TAMPA, Fla. — As millions flooded New York City's streets for the huge Pride Parade on Sunday, a local Tampa woman watched from her home with a big smile on her face.
"What I'm seeing here today, in New York, is great news," said Ericka Giunga. "It's perfect!"
Today, Giunga is a 73-year-old transgender woman. Fifty-years ago she was a man dressing in drag and living in New York. She remembers when it was against the law to walk around dressed like a woman.
"It was terrible in New York," she said.
Giunga and other members of the LGBTQ community were afraid of the police.
"They would attack us, bully us, and raid our bars," she recalled.
The Stonewall riots started after weeks of police raids, on June 28, 1969. Giunga was the Stonewall that night.
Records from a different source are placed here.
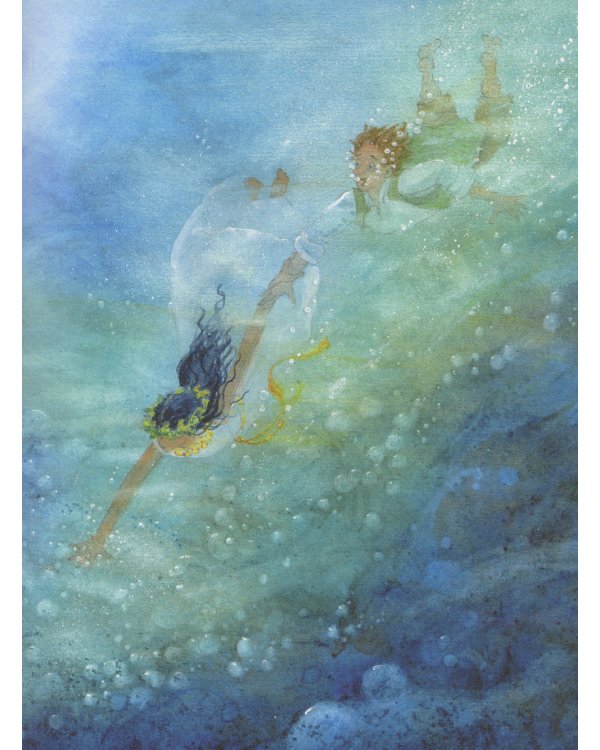 История о прекрасной Лау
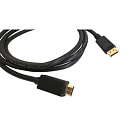 Кабель DisplayPort-HDMI (Вилка - Вилка), 1,8 м/ DisplayPort HDMI Cable 1.8m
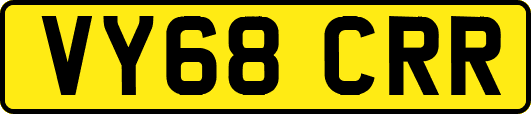 VY68CRR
"We were drinking and all of a sudden you heard bing, bang, boom," she said.
She and her friend ran and hid until it was safe to leave.
"We saw so many people with a broken nose and broken arms," she said. "I mean they were physically beaten down."
Back then the riots broke her heart. But today, she's thankful for them.
"People stood up for their own rights and that made a great difference," she said.
Now, people like Giunga can get married, have families and celebrate with huge parades — like the one in New York and here in St. Pete.
"It makes me feel so happy," said Giunga.